The Mudcat Café TM
Thread #162666   Message #3893945
Posted By: Jim Carroll
14-Dec-17 - 08:48 AM
Thread Name: New Book: Folk Song in England
Subject: RE: New Book: Folk Song in England
THese poets represented a small number that managed to capture public attention - the same prevailed in Ireland when poets like Tómas Hayes published poems (referred to as "songs") which had largely been styled on local singing styles), two of which passed into the local styles (see 'Farewell to Miltown Malbay' and 'Nora Daly' on the Clare County Library, Carroll/Mackenzie website)

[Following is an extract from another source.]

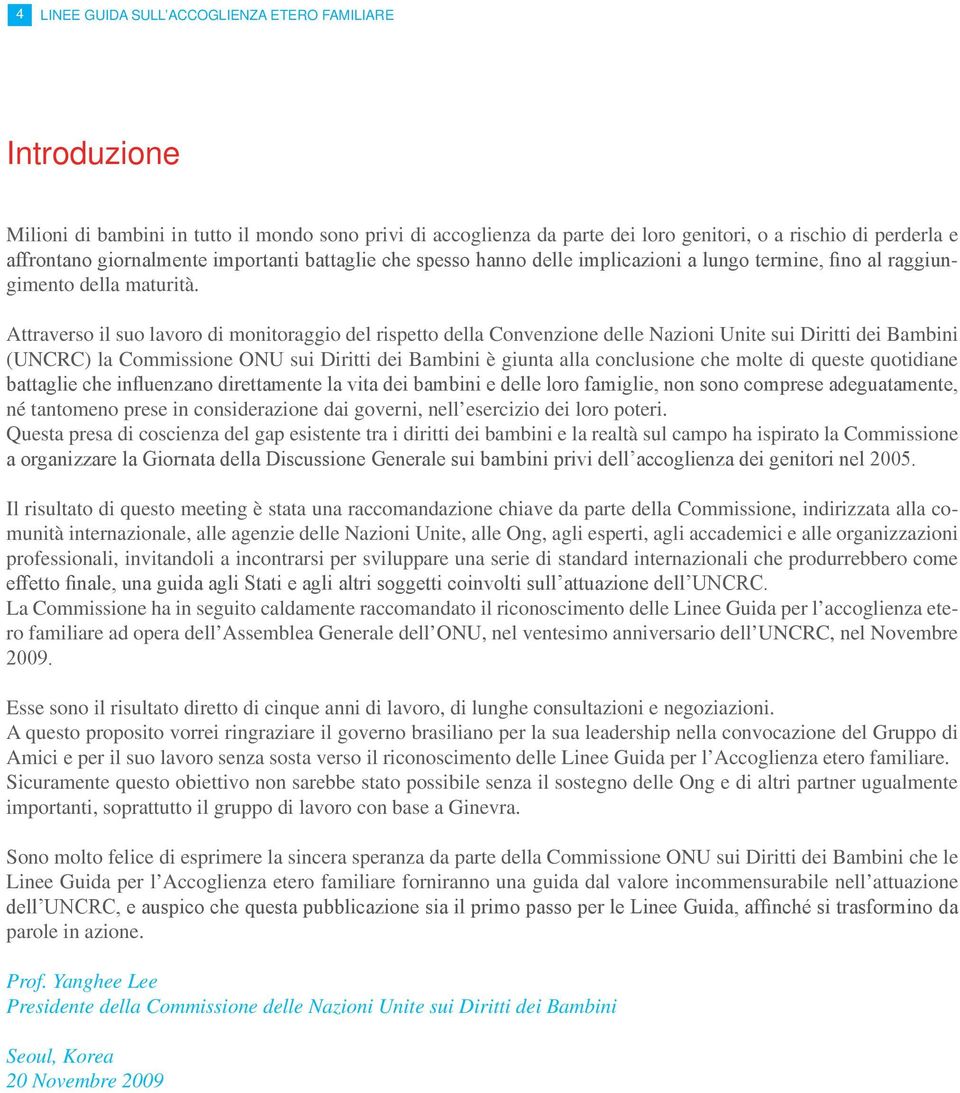 Attraverso il suo lavoro di monitoraggio del rispetto della Convenzione delle Nazioni Unite sui Diritti dei Bambini (UNCRC) la Commissione ONU sui Diritti dei Bambini è giunta alla conclusione che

Along with Hayes's compositions there were hundreds of anonymous songs which passed into the local tradition and survived into the mid 20th century (see above website; The Bobbed Hair, The Leon, Mac and Shanahan (2 songs) The West Clare Railway, Dudley Lee the Blackleg, Thew Rineen Ambush..... and many others
This appears to describe what was happening all over Ireland
All these are still regarded as 'traditional' locally and archived as such by the local cultural group.
They would have been ignored by Sharp and his colleagues or maybe not even sung as the word "old" did not apply to what was being asked for.
We know that hundreds of songs were being made during the Reform and Chartist campaign; the political newspapers ran a 'Sam Henry' like column gathering them in
It is inconceivable that this wasn't also the case during the Luddite, Swing, Rebeccaite, Merthyr disturbances, but to sing them publicly would be to run the risk of imprisonment or transportation.
John Holloway's Oxford Book of Local verse indicates that song-making was common throughout England.
There is no reason to believe that our poaching songs and others involving transportation were not local responses to the most extreme examples of public land seizures that were taking place in the 19th century.
The Clearances in Scotland produced their own repertoire of songs, composers like Maire Ruadh were known, but many songs remained anonymous
The point of all is that, far from having to rely on private enterprise for songs, humanity seems to have been natural songmakers with a need to record their experiences and feelings in verse.
My favourite summing up was given to a 95 year old small-farmer a few years ago, when he told us, "in those days, if a man farted in church, somebody made a song about it" (worth repeating as often as it is needed as far as I'm concerned.